Hosted model prediction

prediction.hostedmodels.predict

POST
/hostedmodels/hostedModelName/predict
AUTHENTICATED
Training Collection
↳ Training Resource

Train

prediction.training.insert

POST 
/training
AUTHENTICATED

Streaming training

prediction.training.update

PUT 
/training/bucket%2Fobject
AUTHENTICATED

Get training status / model info

prediction.training.get

GET
/training/bucket%2Fobject
AUTHENTICATED

Predict

prediction.training.predict

POST
/training/bucket%2Fobject/predict
AUTHENTICATED

Delete a model

prediction.training.delete

DELETE
/training/bucket%2Fobject
AUTHENTICATED

Hostedmodels Collection

Hosted Models

Hosted models are trained models that anyone can call. These models can be free, but most have a usage fee associated with them, as described in their documentation. See a list of available hosted models in the hosted model hosted model gallery.  To send a prediction request against a hosted model is nearly the same as sending a prediction against any other model; the only difference is that the request URL is slightly different. Using hosted models is convenient when you don't have the time, resources, or expertise to build a model for a specific topic. If you have a model that you'd like to make public, follow the submission links in the hosted model gallery.

Hostedmodels Resource

Hostedmodel resources are not needed or returned by any method calls.

prediction.hostedmodels.predict (AUTHENTICATED)

Run a prediction request against a hosted model. The hosted model name is part of the model URL in this format: 

https://www.googleapis.com/prediction/vx.x/hostedmodels/{model_name}/predict.

For example, if the access URL were this:

https://www.googleapis.com/prediction/v1.3/hostedmodels/sample.languageid/predict

then the model name would be "sample.languageid" .

Input data is an object with the following syntax:

{
  "input":{
    "csvInstance":[ col1_value, col2_value, ... ]
  }
}

Where col1_value, col2_value, and so on are entity features, as described by the hosted model's documentation.

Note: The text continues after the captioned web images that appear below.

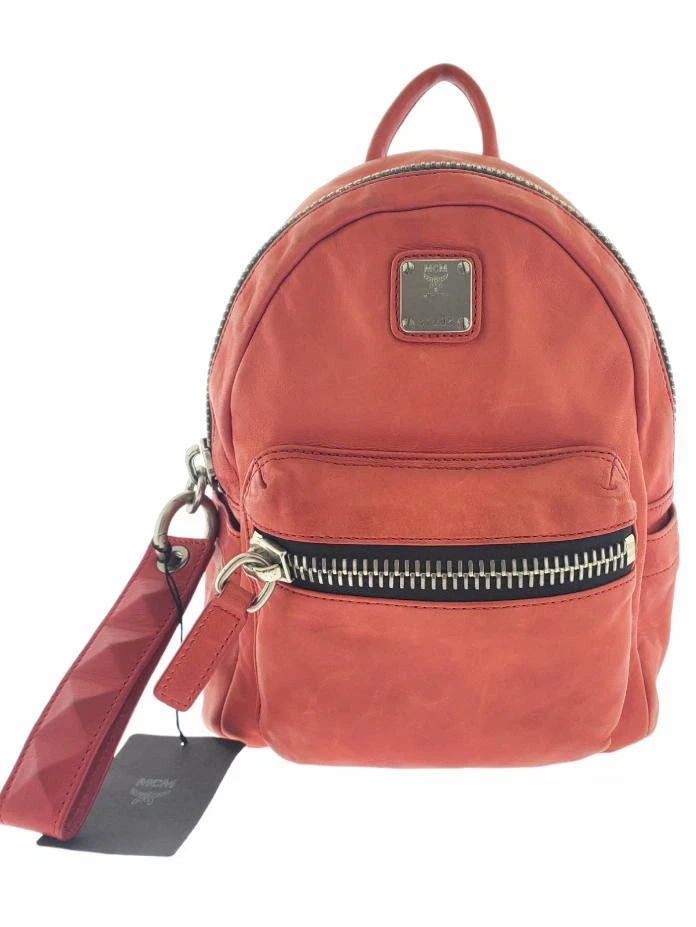 Mochila de cuero MCM Tumbler/rojo rubí (CSC007701)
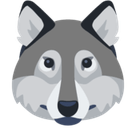 Wolf Face Emoji, Facebook style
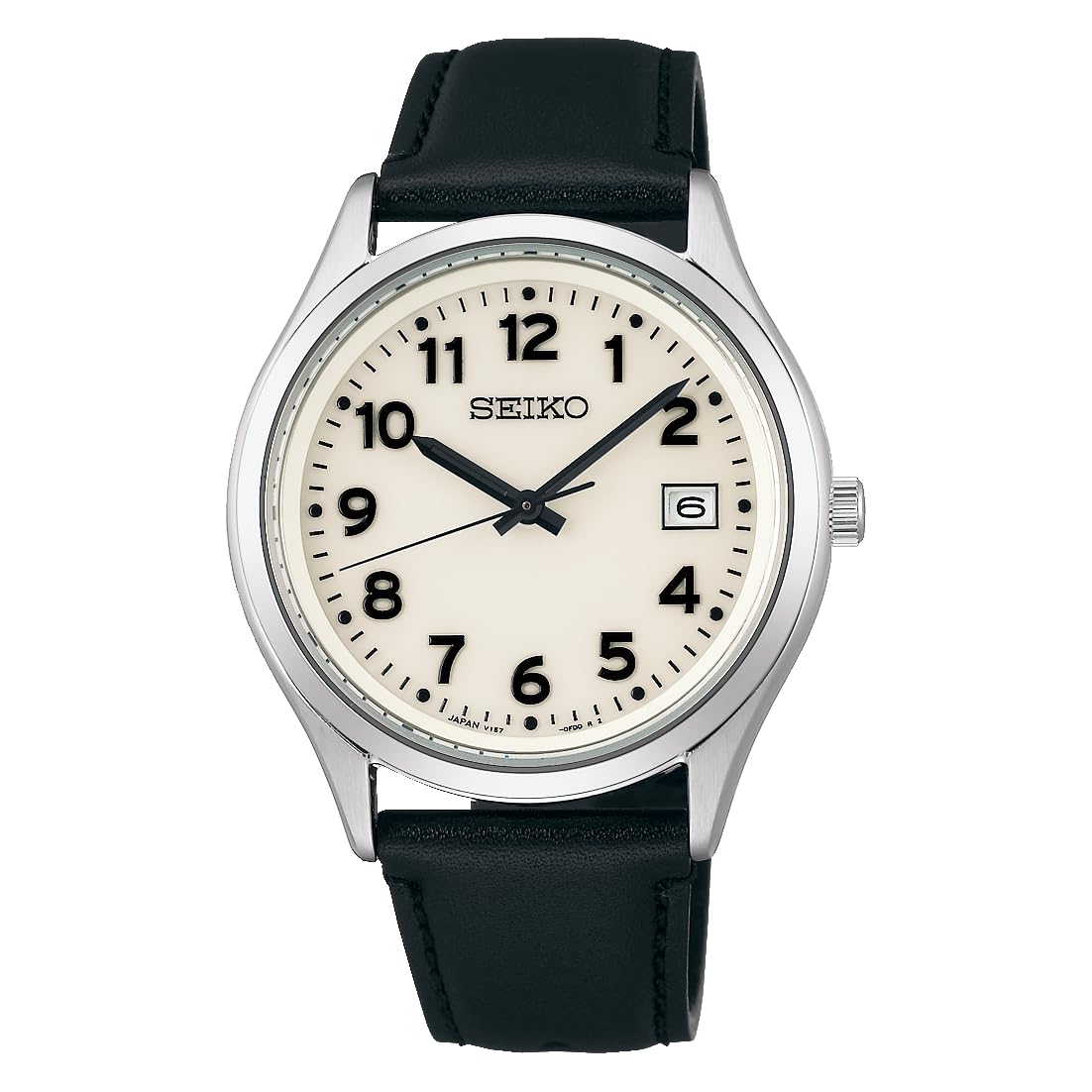 saku SEIKO Selection Solar Watch Men Full Arabic Dial Black SBPX157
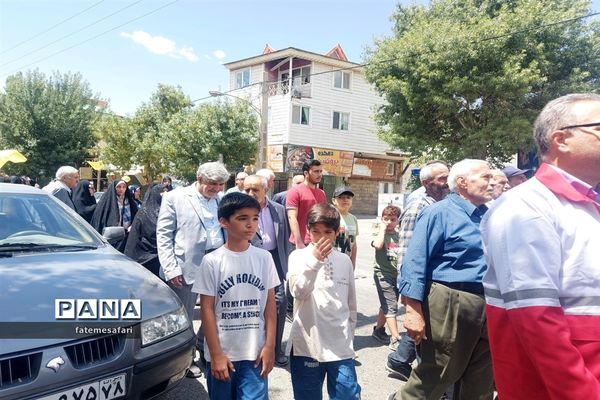 راهپیمایی عید غدیر در شهرستان فیروزکوه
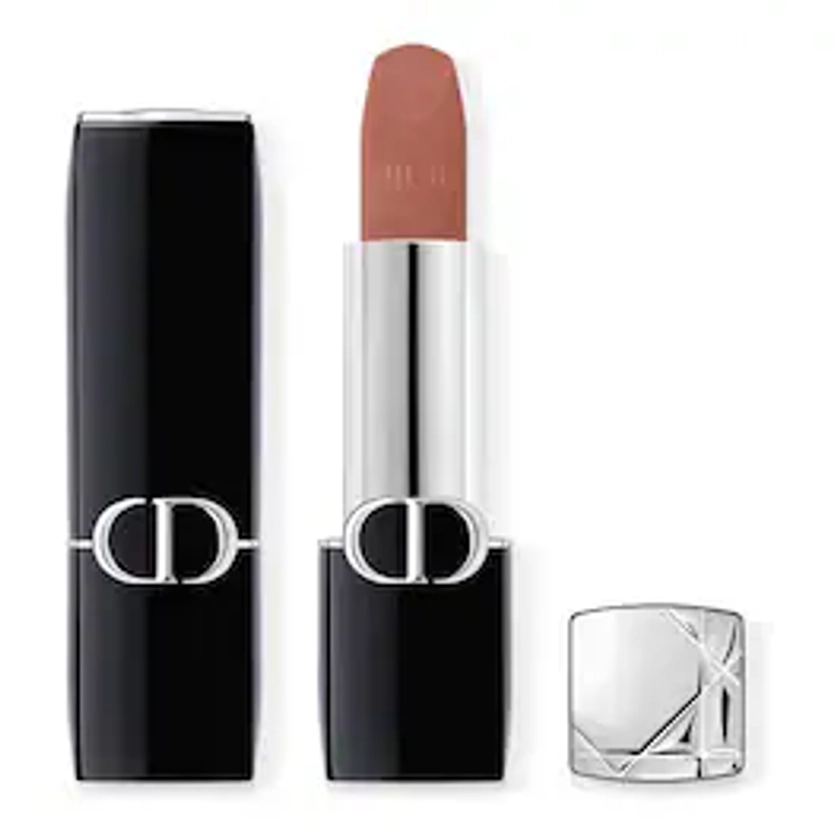 DIOR | Rouge Dior - Rossetto a Lunga Tenuta, Trattamento Floreale Idratante, 2 Finish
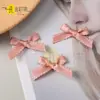 Accesorios de lazo de borde ondulado estilo coreano para mujer para tocados, calcetines, ropa interior, vestidos, lazos decorativos versátiles hechos a mano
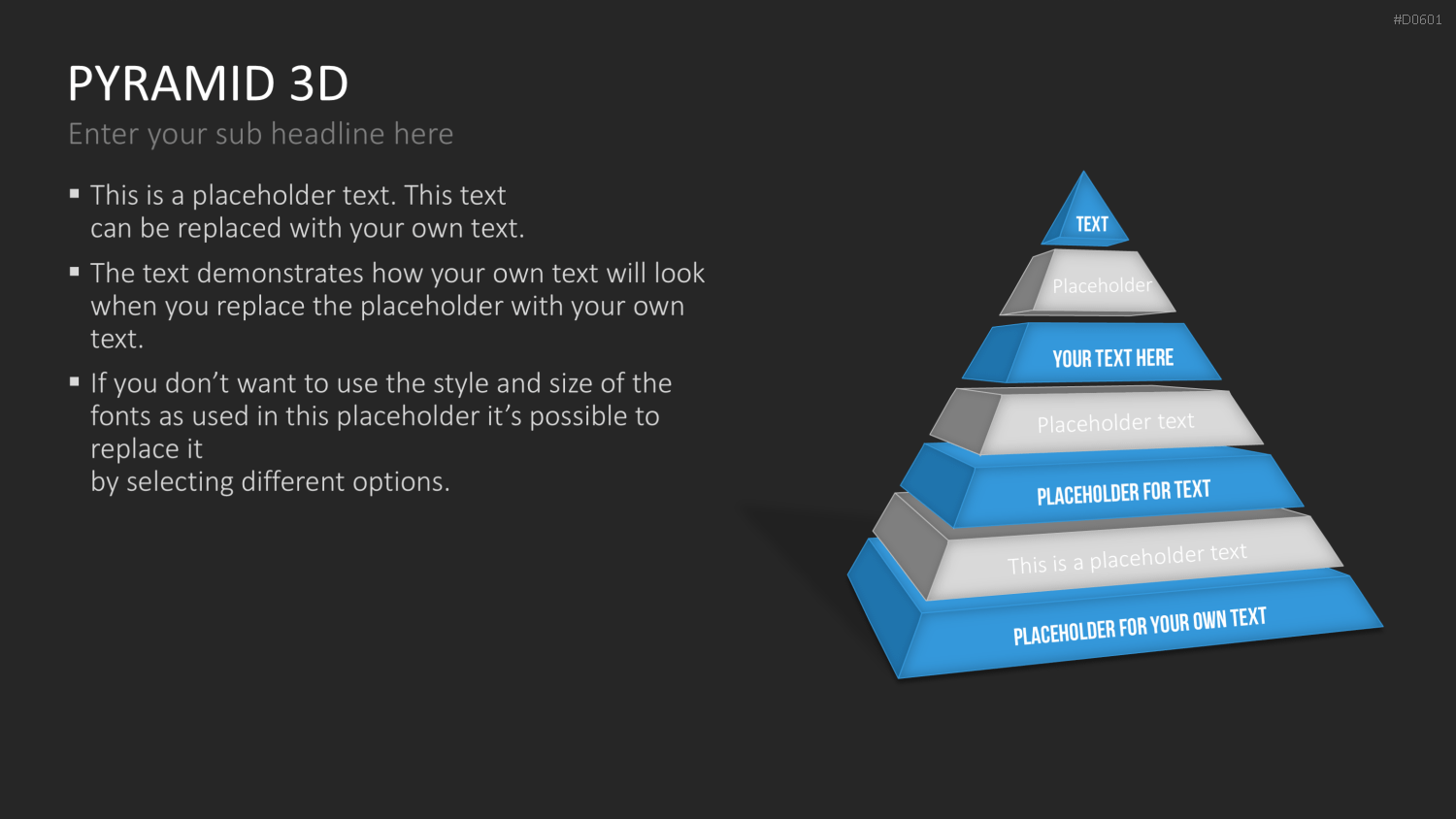 Pyramiden - 3D PowerPoint-Vorlage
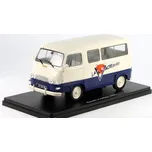 Renault Estafette La Vache Qui Rit 1962 1:24 - Hachette časopis s modelem Renault Estafette - kovový model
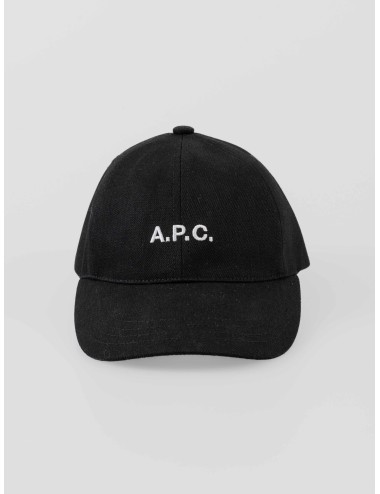 gorra negra CHARLIE A.P.C. hombre algodón - MARFRANC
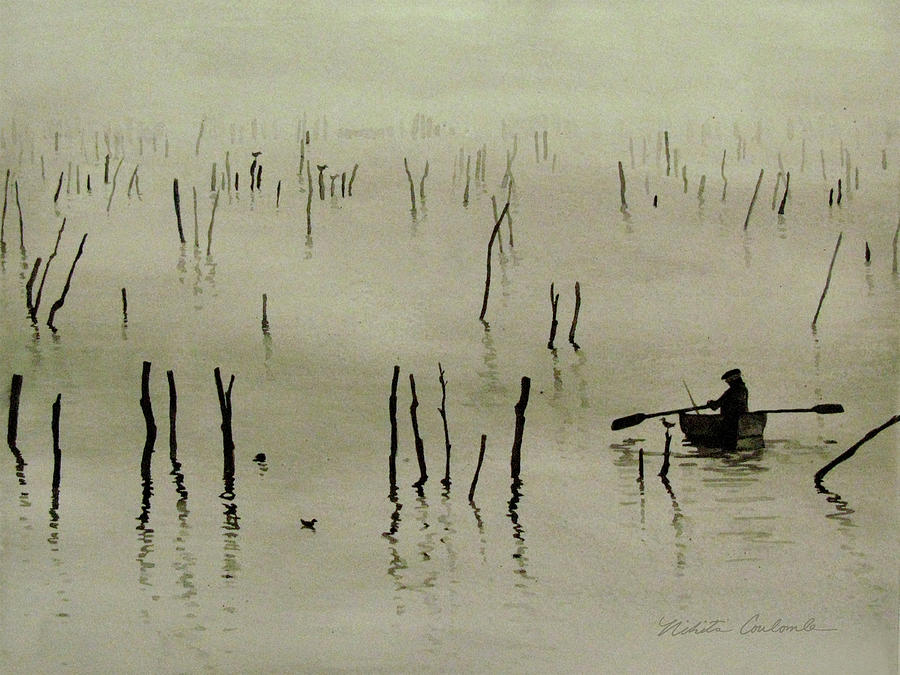 Fisherman in the Mist by Nikita Coulombe Fisherman in the Mist by Nikita Coulombe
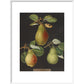 Pears print in white frame
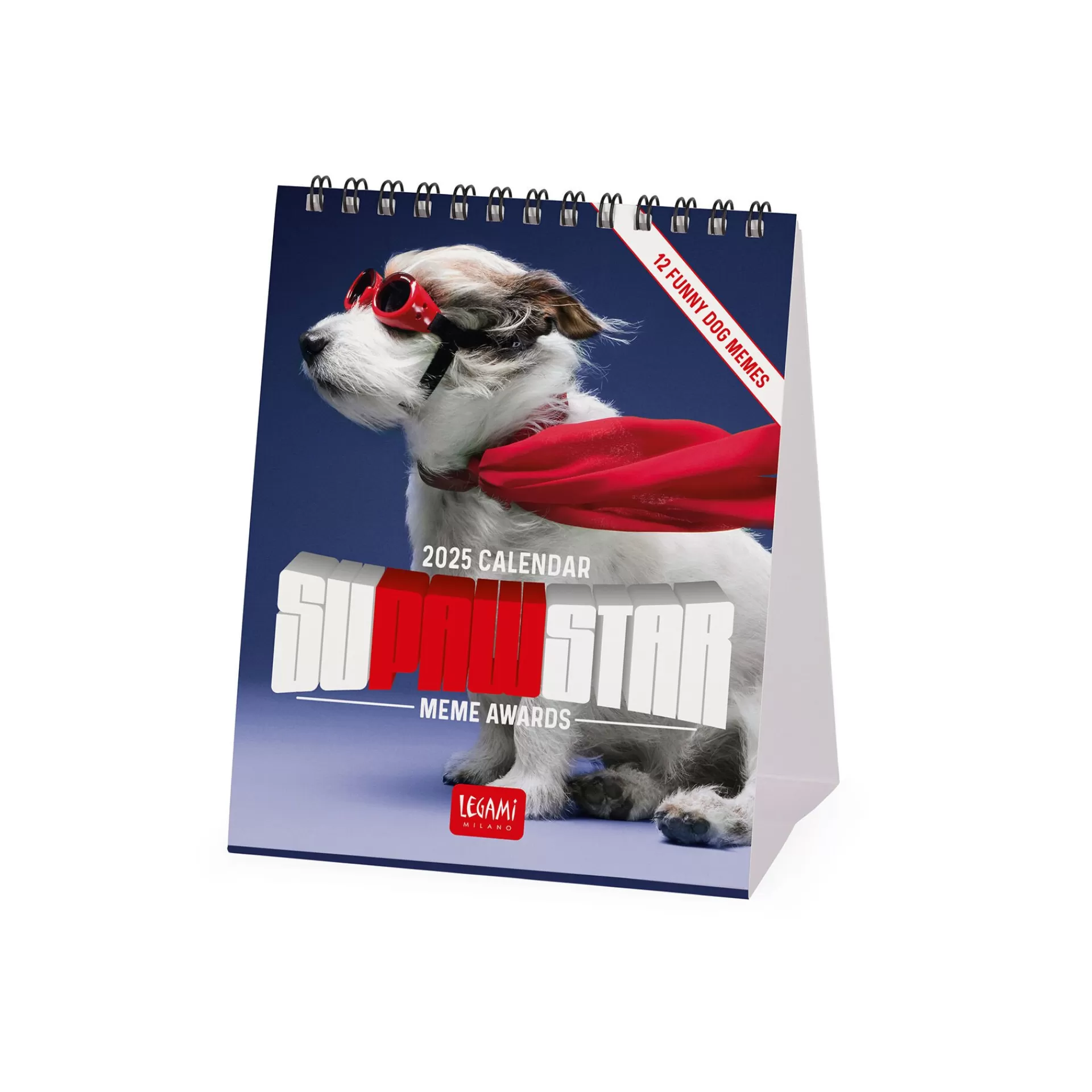Legami Milano Calendario da Tavolo 2025 - 12 x 14,5 cm- Calendari Da Tavolo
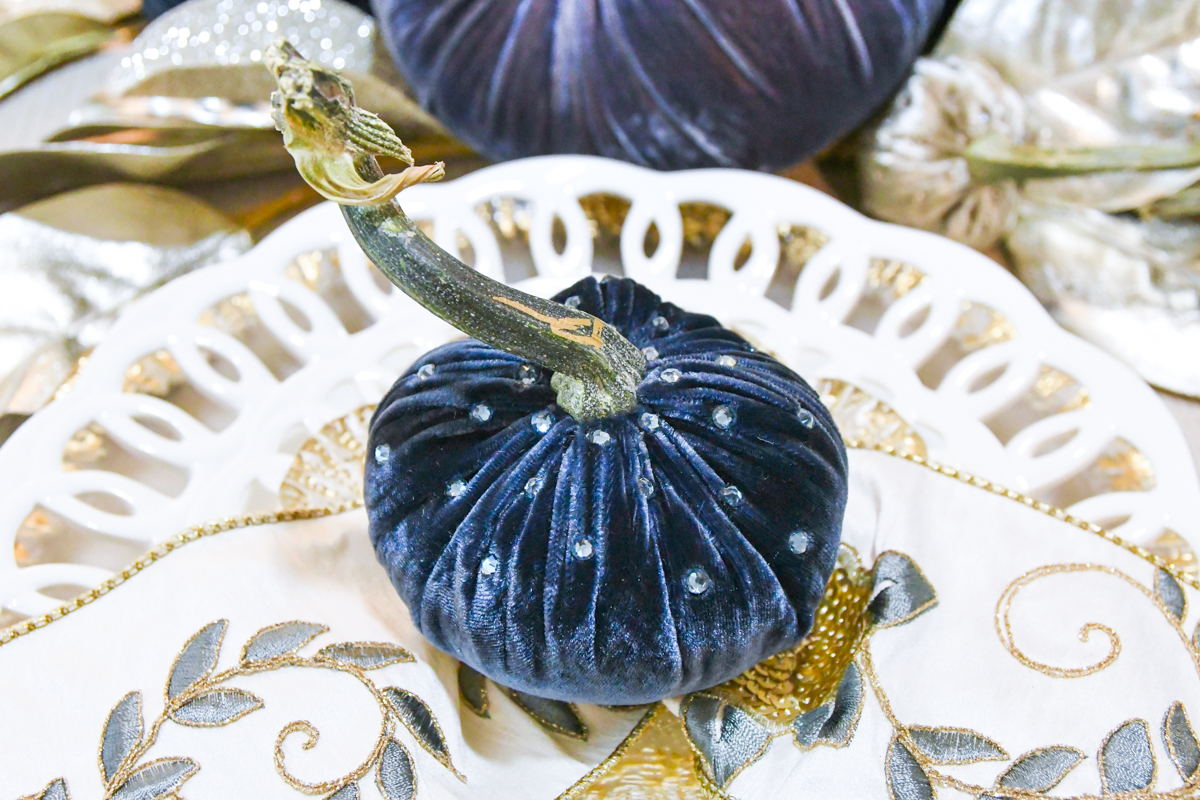 Beautiful Blue Pumpkins Fall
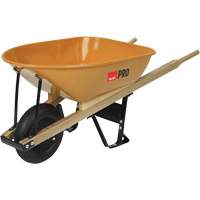 Pro Heavy-Duty Wheelbarrow, 6 cu. ft., Steel Tray Groupe Belzile Dickner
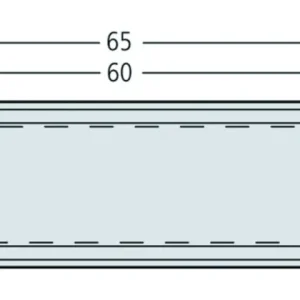 Renz Namensschild für Einwurfklappe 60 x 15 x 0,5 mm Neu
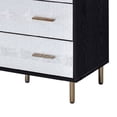 thumbnail image 4 of Emily 37 Inch Wood Tall Dresser Chest 4 Drawers Gold Handles Black - Saltoro Sherpi, 4 of 6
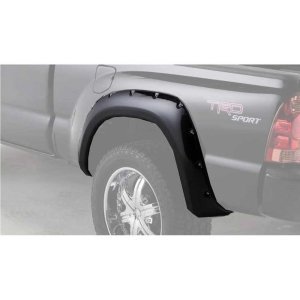 Front and rear fender flares Husky Liners Pocket Style long bed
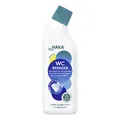 Produktbild: HAKA WC Reiniger Gel Citrus, 740 ml, extra stark gegen Kalk, Urin- & Wasserstein, langanhaltende Frische, Toilettenreiniger mit umweltfreundlicher Milchsäure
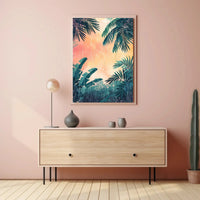Tropical Rainforest Serenity Illustration Poster - Abstract, Artistic, or Pop Culture Poster PosterGoat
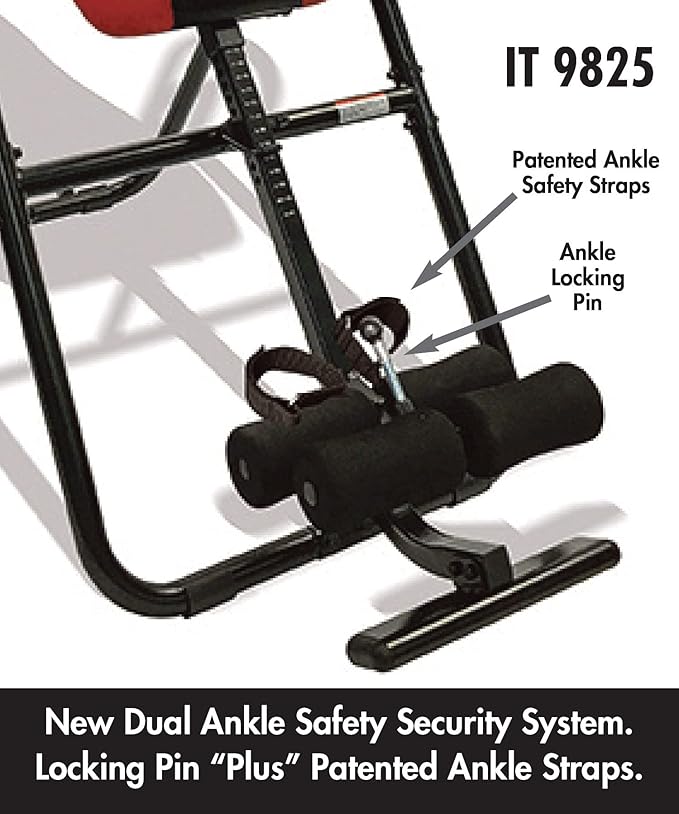 Top Pick – Body Vision IT9825 Premium Inversion Table with Removable 250 lbs.,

Note that string fields must be surrounded by escaped quotes.

Here's an example request to a hosted model that predicts a person's height, if the model expects a string gender ("M" or "F"), two height numbers, and a string country name:

{
  "input":{
    "csvInstance":["M", 1.59, 1.51,"France"]
  }
}

Notes on categorical model scores in the response:

  • Score values range from 0.0–1.0, with 1.0 being the highest. All values should add up to 1.0. Note: if you used an earlier version of the API that used a different range, you must retrain your data model in order for scores to be scaled to 0.0–1.0.
  • Consider having a cutoff value above which the categorization is useful and below which you might ignore it. We can't advise a hard cutoff value; instead, try running a few queries for borderline items, and use that as an approximate cutoff value for your categories.
  • These values are not probabilities; that is, they are not the confidence that a rating is correct. They are a measure of how closely a category seems to conform to the query item.
  • Scores are relative to each other, and do not need to add up to a specific value (for example, to 1.0).
  • It is hard to say absolutely what is a significant difference in scores. For example, is 0.33 is "significantly" better than 0.42? Is 0.25 "twice as good" as 0.125? Instead, assume that the highest value is the best fit, and have a cutoff value that, if the best fit is below it, you won't use the data. You'll have to experiment with the system to determine what is a meaningful cutoff value for your data.
POST https://www.googleapis.com/prediction/v1.3/hostedmodels/hostedModelName/predict

Try it now in the APIs Explorer!

{
  "kind": "prediction#output",
  "id": string,
  "selfLink": string,
  "outputLabel": string,
  "outputMulti": [
    {
      "label": string,
      "score": double
    }
  ],
  "outputValue": double
}
Property Name Value Description
kind string What kind of resource this is.
id string The name of the hosted model.
selfLink string A URL to re-request this resource.
outputLabel string [Present in categorical models only] A predicted value for the submitted item, calculated based on given values in the training data.
outputMulti[] list [Present in categorical models only] The results, with one entry for every category in the training table, along with a score assigned to that category. The largest, most positive score is the most likely match. A value will be returned for every category present in the training data; you cannot currently specify how many categories to return. See the notes above in the method description.
outputMulti[].label string The category being described.
outputMulti[].score double A score associated with this category; the largest score is the most likely. See notes below.
outputValue double [Present in regression models only] The category that best fits the submitted value.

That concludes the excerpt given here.